Caption-style text data
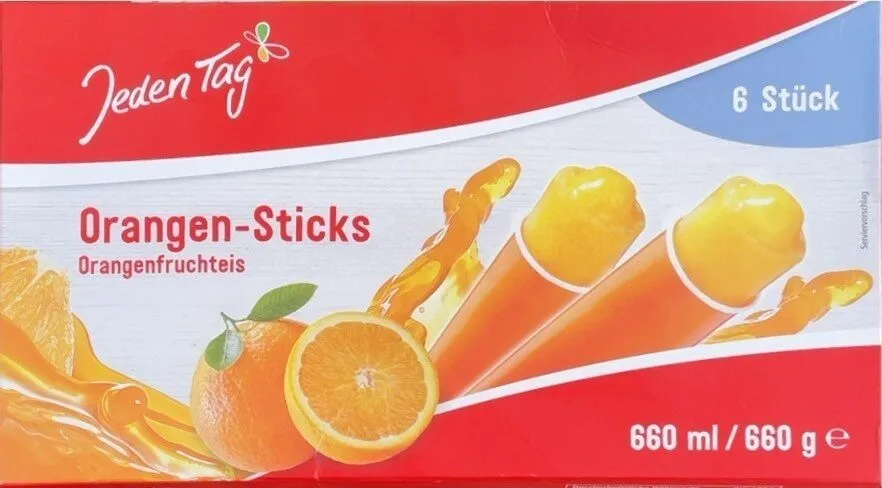 Orangen-Sticks Orangenfruchteis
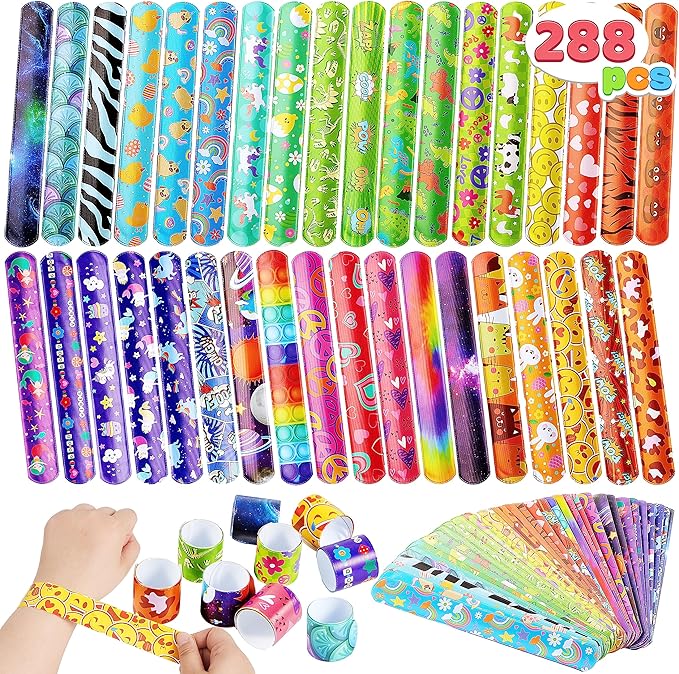 JOYIN 72 Pcs Slap Bracelets Party Favors - 36 Designs with Cute and Colorful Themes - Perfect for kids Easter Party Favors, Valentine Classroom Prizes Exchanging Gifts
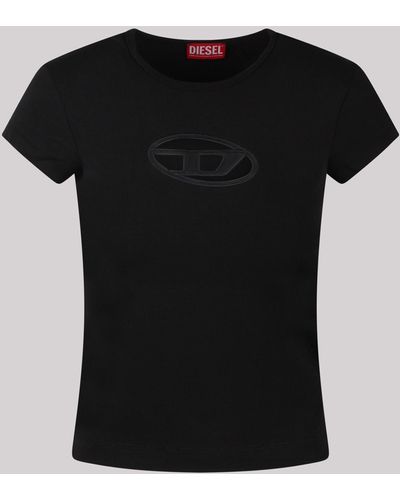DIESEL T-Angie Logo Cut-Out T-Shirt - Black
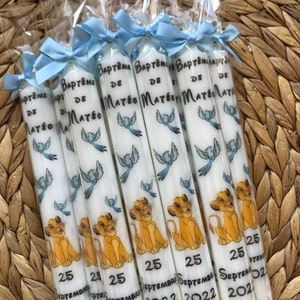 Personalized Lion King Christening Candle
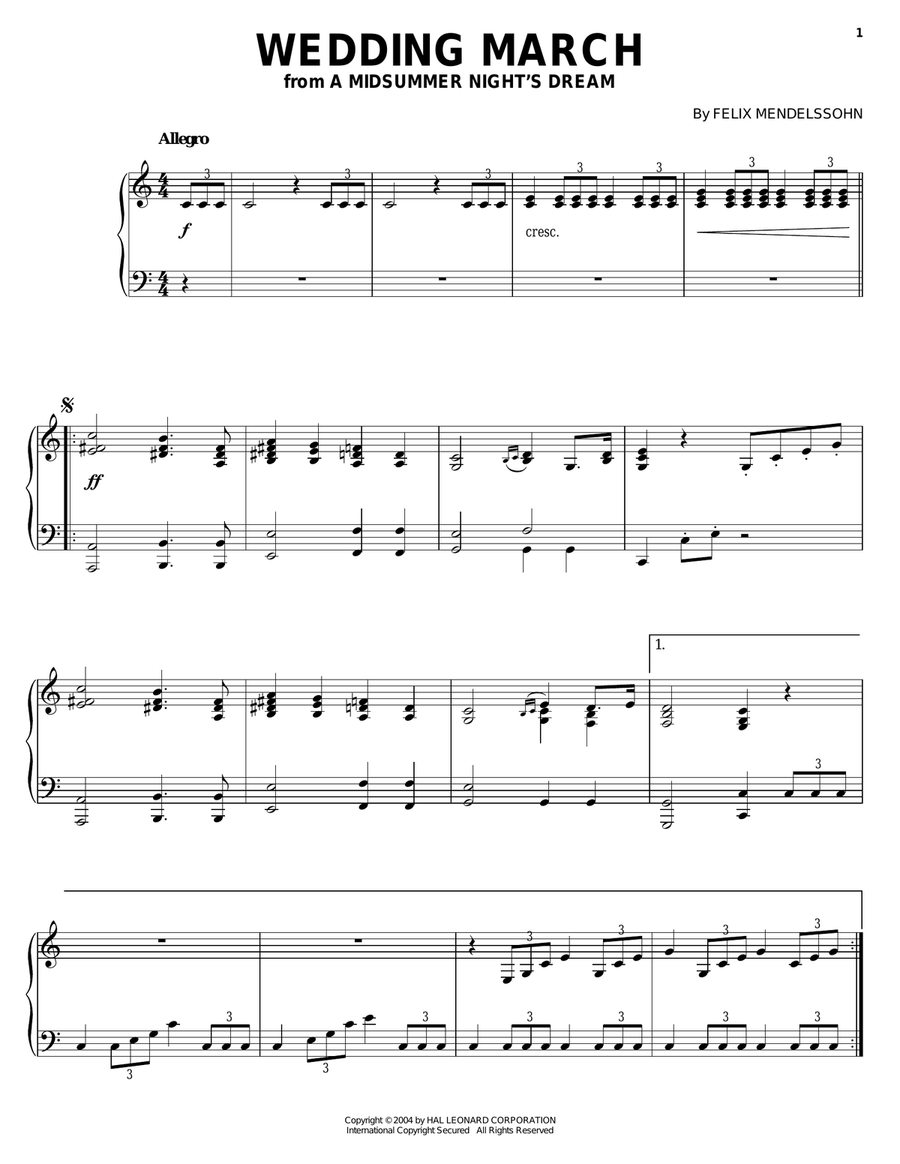 Wedding March Wedding March Piano Solo scores gallery preview page 1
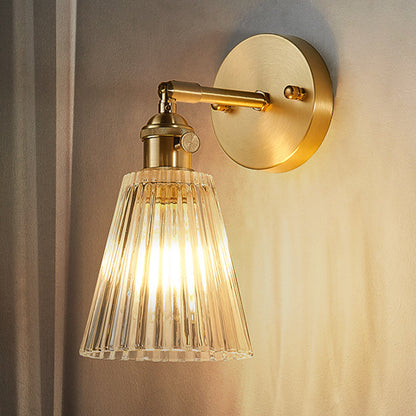 Industrial Sconce Light with Textured Glass Shade and Warm Metal Finish for Bedroom Entryway Loft Apartment Corridor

*WORK INSTRUCTIONS*
A verbatim copy of the data, free of pictures, is the expected answer.

*REPLY TO THE EXERCISE*
 Orangen-Sticks Orangenfruchteis
 JOYIN 72 Pcs Slap Bracelets Party Favors - 36 Designs with Cute and Colorful Themes - Perfect for kids Easter Party Favors, Valentine Classroom Prizes Exchanging Gifts
DIESEL T-Angie Logo Cut-Out T-Shirt - Black
 Personalized Lion King Christening Candle
 Wedding March Wedding March Piano Solo scores gallery preview page 1
 Industrial Sconce Light with Textured Glass Shade and Warm Metal Finish for Bedroom Entryway Loft Apartment Corridor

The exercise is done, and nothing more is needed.